More General Maximization

MAXIMIZE is designed for many of the estimation problems that specialized instructions like LINREG and NLLS cannot handle. Its primary purpose is to estimate models by maximum likelihood, but it is more general than that.

MAXIMIZE is perhaps most often used for estimating the less-standard variations of ARCH and GARCH models that the built-in GARCH instruction can’t handle.

The problems that MAXIMIZE can solve are those of the form

\begin{equation} \mathop {\max }\limits_\beta \sum\limits_{t = 1}^T {f\left( {y_t ,{\kern 1pt} {\kern 1pt} {\kern 1pt} X_t ,{\kern 1pt} {\kern 1pt} {\kern 1pt} \beta } \right)} \end{equation}

where \(f\) is a RATS formula (FRML). Things to note about this:

•MAXIMIZE only does maximizations (directly), but can, of course, do minimizations if you put a negative sign in front of the formula when you define it.

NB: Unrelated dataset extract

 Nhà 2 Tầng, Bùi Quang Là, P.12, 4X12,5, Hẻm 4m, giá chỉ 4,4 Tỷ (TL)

•MAXIMIZE does not check differentiability and will behave unpredictably if you use methods BFGS or BHHH with a function that is not twice-differentiable. Differentiability is not an issue with the derivative-free methods.

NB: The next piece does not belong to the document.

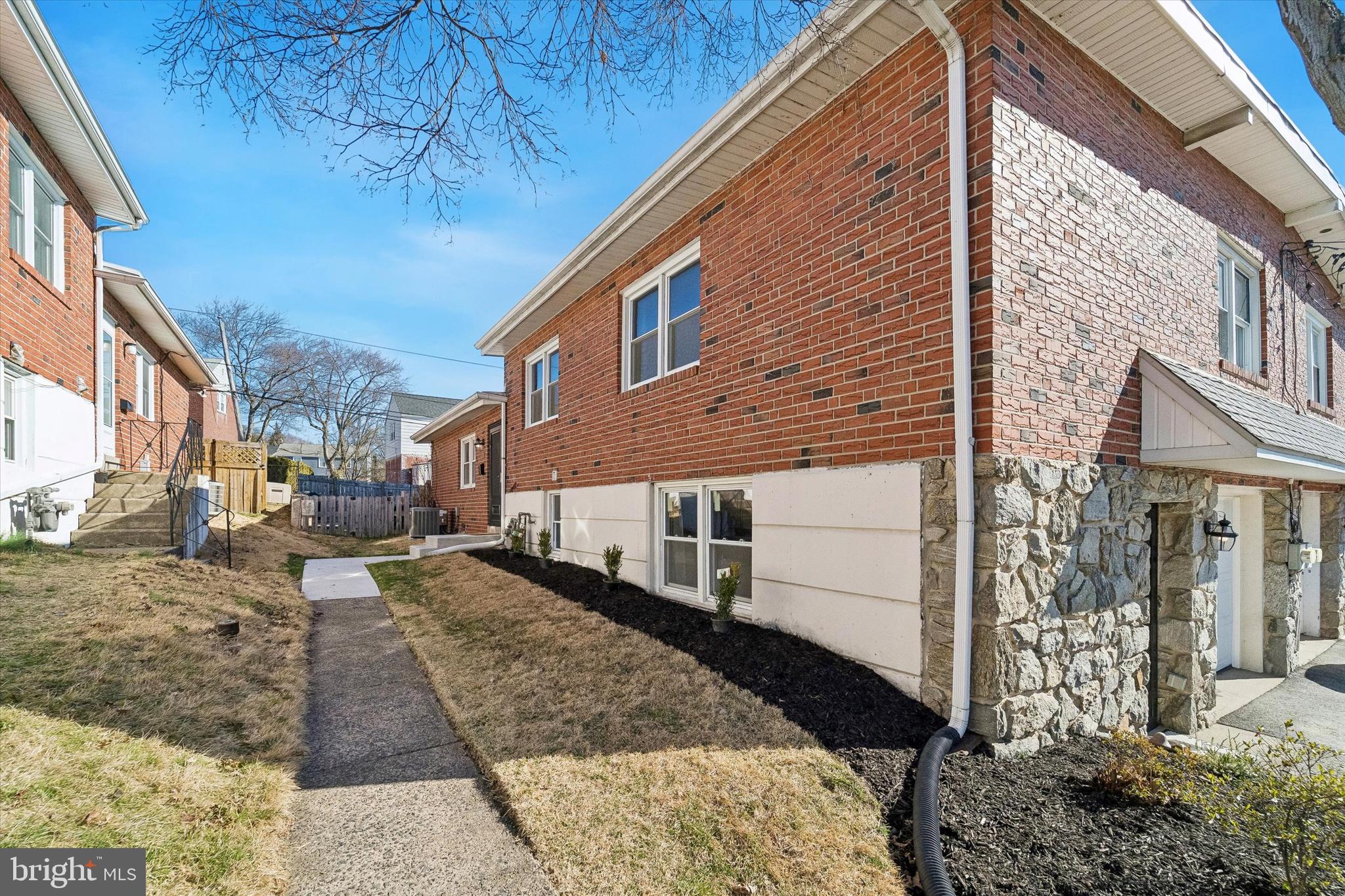 19 Juniper Road Havertown, PA 19083 - Photo 2 of 24 a view of a back yard of the house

If even this is too narrow for your application, you will need to try the instruction FIND.

Setting Up for MAXIMIZE

The steps in preparing to use MAXIMIZE are the same as for NLLS:

•Set the parameter list (PARMSET) using NONLIN.

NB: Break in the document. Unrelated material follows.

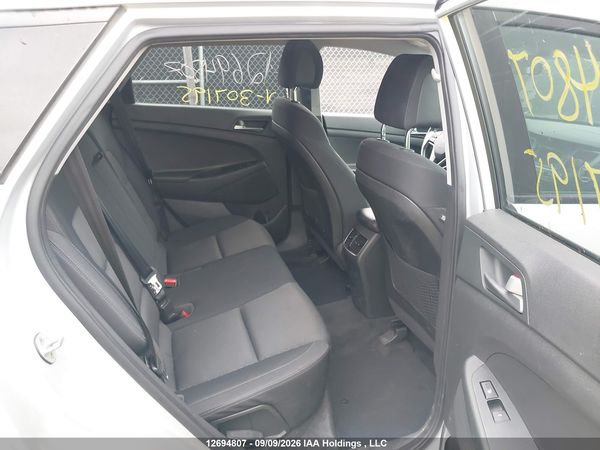 2017 HYUNDAI TUCSON PREMIUM — I8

•Set up the function using FRML.

•Set initial values for the parameters, using COMPUTE or INPUT. In some cases, such as recursive ARCH/GARCH models, you will also need to initialize one or more series used to hold values such as residuals or variances.

A final FRML for use in MAXIMIZE can often come about from combining several submodels. For instance, in a GARCH model, there are separate models for the mean of the process and for its variance and the log likelihood is a function of the two. When you have such a model, it is often a good idea to, as much as possible, create the two separately and combine them only at the end. This can be done by using features of the FRML (use of "sub-FRMLs") and PARMSETS (which can be "added").

Example MAXIMIZE.RPF. estimates a stochastic frontier model. This is basically a log-linear production model, except that the residuals have two components, one of which is not permitted to be positive—you can fall short of, but can’t exceed, the (unobservable) production function, so the error term is asymmetrical.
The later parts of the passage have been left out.